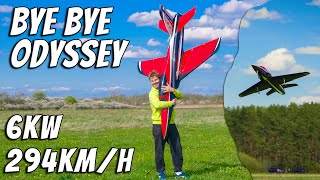 Odyssey Last flight - SOLD 16s 6kW 294km/h 10kg JETFAN-120 PRO Graphene battery, TOPRC Jet Sound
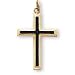24K Gold over Sterling Silver Cross and 24-inch Chain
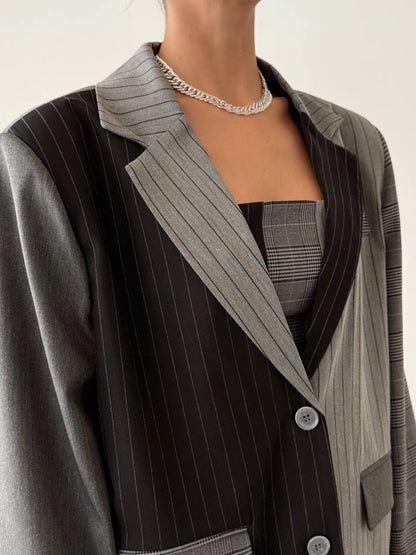 Quzu blazer grigio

### Problem to solve
All that is wanted is the lines from the one holding "24K Gold over" through the end of the material, duplicated exactly, with no pictures.

### Solution for this exercise
24K Gold over Sterling Silver Cross and 24-inch Chain
 Quzu blazer grigio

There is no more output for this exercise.